La réaction du public fut très révélatrice. Avec un théâtre rempli à moins de la moitié, La Maestranza présentait le pire aspect jusqu'à aujourd'hui. Sur le spectacle il y a beaucoup à dire et peu de louanges à faire, malheureusement. Beaucoup à raconter car le montage dura deux heures et quarante minutes, une folie.
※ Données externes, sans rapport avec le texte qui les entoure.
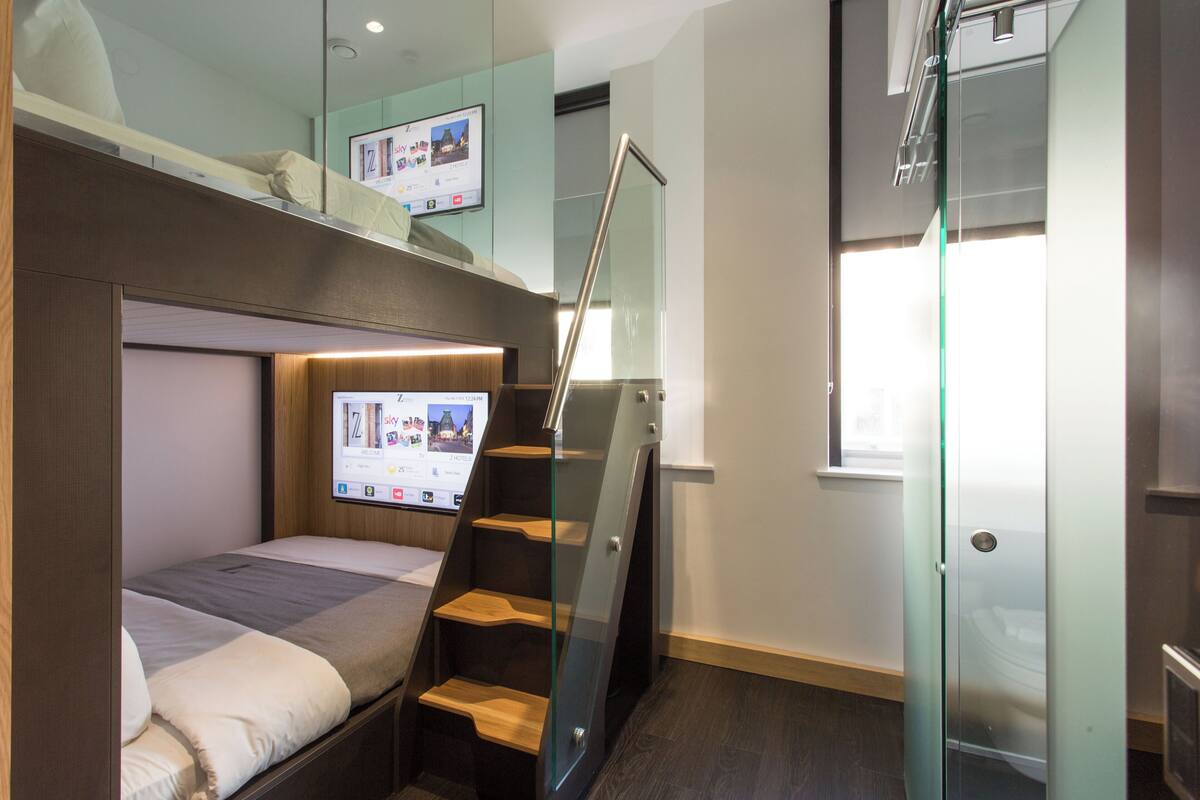 A compact hotel room with a bunk bed, a glass staircase, and a digital screen displaying travel information.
Le supposé point de départ vient de l'admiration mutuelle que se portent le percusionniste japonais Eitetsu Hayashi et le pianista lebrijano David Peña "Dorantes". Ils le démontrèrent ainsi dans deux numéros, "Sur" et "Relieve", tous les deux basés sur les musiques du second album de Dorantes. La première pièce "Sur", précisément celle qui donne le nom du disque auquel nous nous référons, eut pour fonction d'ouvrir le spectacle. La seconde est basée sur "La danza de las sombras" et dans les deux nous apprécions un essai chargé de bonnes intentions de la part des deux musiciens. Le son désastreux, una fois de plus, contribua à ce que tout reste une anecdote.
A propos des bailes en groupe, il faut dire qu'il étaient loin d'offrir un niveau acceptable, ressemblant plus à un spectacle de fin d'année qu'à une mise en scène professionnelle. Je parle du classique espagnol car c'est ce que le ballet faisant honneur à son nom vint offrir : des batas de cola, castañuelas, "La vida breve" de Falla, la "Danza del fuego" de l'opérette "Benamor" de Pablo Luna et quelques pas de flamenco.
La partie la plus flamenca fut menée par une siguiriya interprétée en duo par Yoko Komatsubara y Currillo de Bormujos, qui furent précédés par un numéro de tambours Kaito qu' "El Junco" remata par un baile por derecho qui restera le meilleur moment de la soirée. Ensuite il y eut des guajiras qui ramenèrent toute l'équipe féminine et le corps de ballet sur scène. Des alegrías avec un "Junco" excessivement rapide et des tangos avec peu d'allure, proches de la chanson pop.
Le moment de plus grande virtuosité vint avec le dernier numéro, "Hibiki", un déploiement de tambours japonais et une chorégraphie d'un meilleur niveau esthétique.
Il faut souligner le grand travail d'éclairage et le ton général que Juan José Amador apporta à chacun des cantes.
Au sujet des défauts, en plus du fait que le théâtre était trop grand pour le spectacle, il faut noter le mariage forcé qu'il prétend entre le flamenco et les musiques traditionnelles. La fusion doit venir d'une connaissance absolue des deux arts que l'on prétend mélanger, en principe. En l'occurrence rien ne se marie ni ne fonctionne. Unir des tambours traditionnels japonais et un bailaor, cela assure une absurdité sans remède. Et c'est arrivé. Si nous avions eu des djembés sénégalais ou une batucada brésilienne le résultat aurait été similaire, un manque de cohérence flagrant.
Sans mettre en doute la reconnaissance que Yoko Komatsubara mérite, le fossé entre ce que l'on exige à une Biennale et ce que nous avons contemplé hier est abyssal, en plus de lui rendre hommage, on lui a fait du tort.